→ **WORK ITEM**: A faithful copy of the listing below is needed, one that contains no pictures.

→ **PROVIDED ENTRIES**:
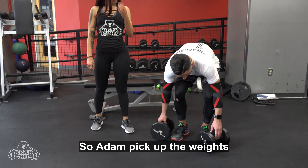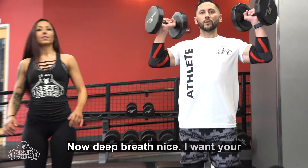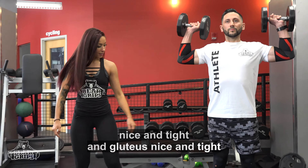So Adam, pick up the weights. Now, deep breath. Nice. I want your shoulders at a 90 degree angle, just like that. Now, don't knock your back. Keep your core nice and tight and your glutes nice and tight.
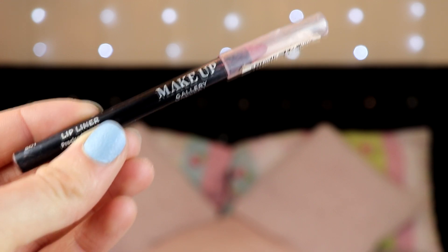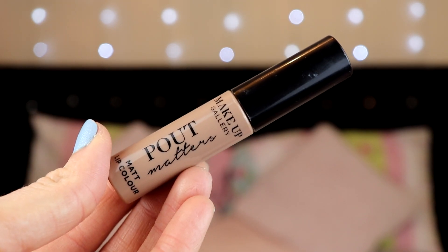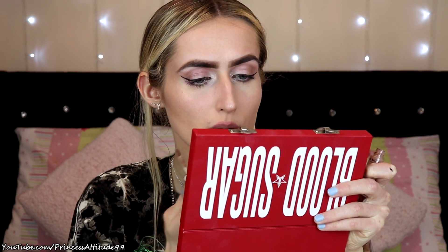I'm going to get rid of the fallout and the last thing is lips. I've got the Makeup Gallery Rose 2 Lip Liner and the Makeup Gallery Pout Matters matte lip colour. It doesn't have a named colour — it's just this nude colour. The lip liner and lip colour don't match — they're very far from matched. The matte lip colour smells really nice — really vanilla-y.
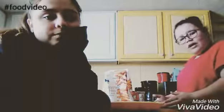Hey. Hey. I've been Kayla here. Kayla and Abby. And today we will be making a food video.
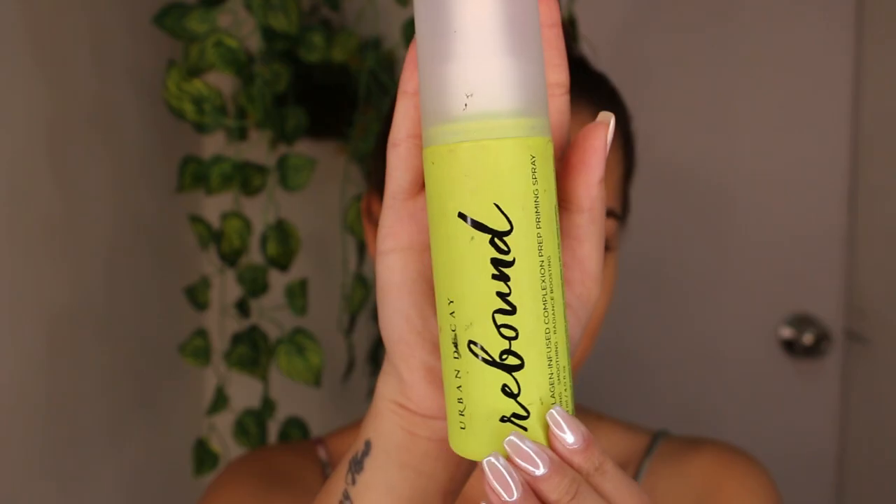This technique is through a makeup artist called Jordan Liberty and is ideal for everyday makeup. Keep in mind that this technique is not for events or special occasions where you think you will be photographed, as you might end up looking a bit oily rather than dewy. So without wasting any more time, let's start the look.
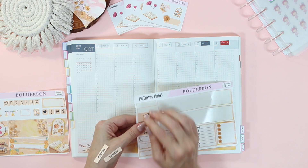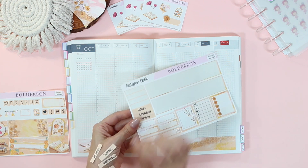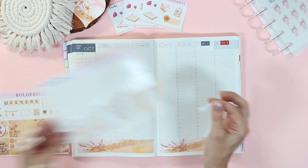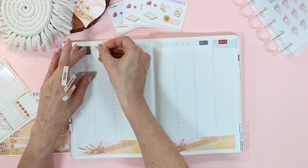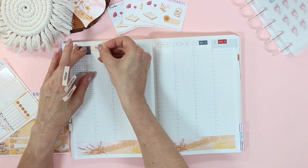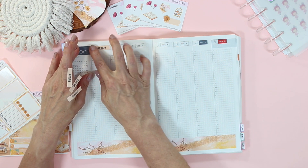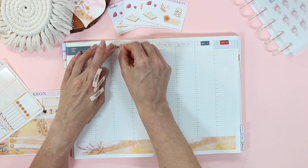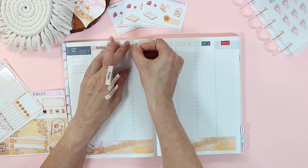The hardcover looks very similar to the Hobonichi Weeks hardcover. If you're not familiar with that, it's kind of like a flexible hardcover, almost like a thicker cardboard. But what makes it so exciting is that now we're going to have cover choices for the A5 and A6 planners — so not just the yellow and black covers anymore!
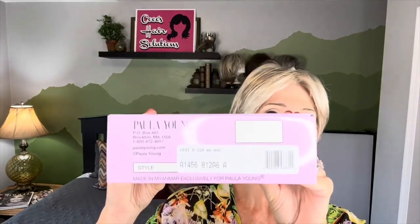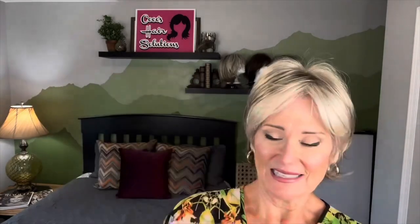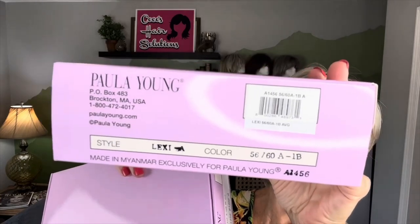So let's take a look. I think we'll try the Milano Brown on first. Here are all her numbers so you can see those. And here is the Royal Silver color as well, so you have all those numbers too.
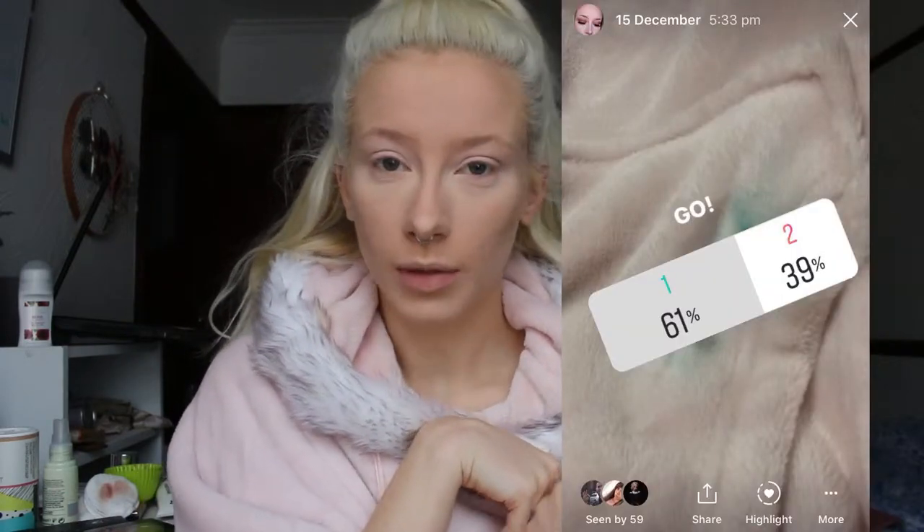So today I'm going to be doing a look that I showed you guys on Instagram. If you don't follow me on Instagram, all the details are down below. I did a little poll asking which look you'd like a tutorial on, and this is the one that won, so let's get into it.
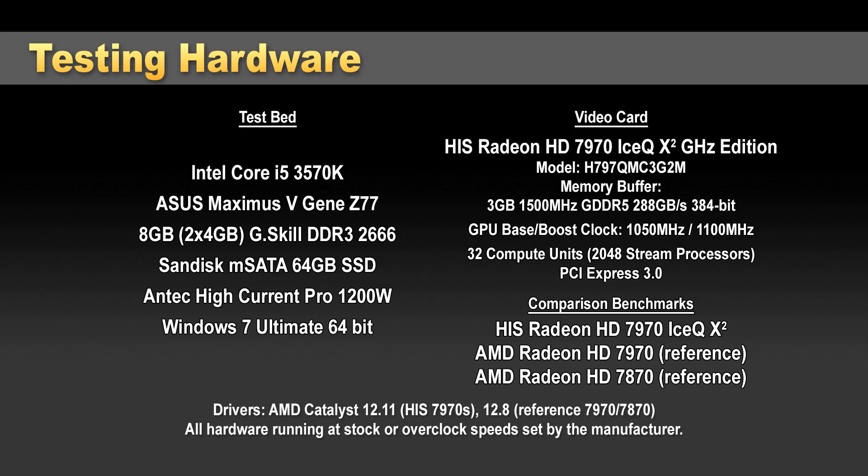We're running on a Z77 platform with an Asus Maximus 5G motherboard, G.Skill memory running at 2666 speed, and Windows 7 64-bit. We ran our typical suite of benchmarks and I'll be showing some comparison numbers as well.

→ **SOLUTION**:
So Adam, pick up the weights. Now, deep breath. Nice. I want your shoulders at a 90 degree angle, just like that. Now, don't knock your back. Keep your core nice and tight and your glutes nice and tight.
I'm going to get rid of the fallout and the last thing is lips. I've got the Makeup Gallery Rose 2 Lip Liner and the Makeup Gallery Pout Matters matte lip colour. It doesn't have a named colour — it's just this nude colour. The lip liner and lip colour don't match — they're very far from matched. The matte lip colour smells really nice — really vanilla-y.
Hey. Hey. I've been Kayla here. Kayla and Abby. And today we will be making a food video.
This technique is through a makeup artist called Jordan Liberty and is ideal for everyday makeup. Keep in mind that this technique is not for events or special occasions where you think you will be photographed, as you might end up looking a bit oily rather than dewy. So without wasting any more time, let's start the look.
The hardcover looks very similar to the Hobonichi Weeks hardcover. If you're not familiar with that, it's kind of like a flexible hardcover, almost like a thicker cardboard. But what makes it so exciting is that now we're going to have cover choices for the A5 and A6 planners — so not just the yellow and black covers anymore!
So let's take a look. I think we'll try the Milano Brown on first. Here are all her numbers so you can see those. And here is the Royal Silver color as well, so you have all those numbers too.
So today I'm going to be doing a look that I showed you guys on Instagram. If you don't follow me on Instagram, all the details are down below. I did a little poll asking which look you'd like a tutorial on, and this is the one that won, so let's get into it.
We're running on a Z77 platform with an Asus Maximus 5G motherboard, G.Skill memory running at 2666 speed, and Windows 7 64-bit. We ran our typical suite of benchmarks and I'll be showing some comparison numbers as well.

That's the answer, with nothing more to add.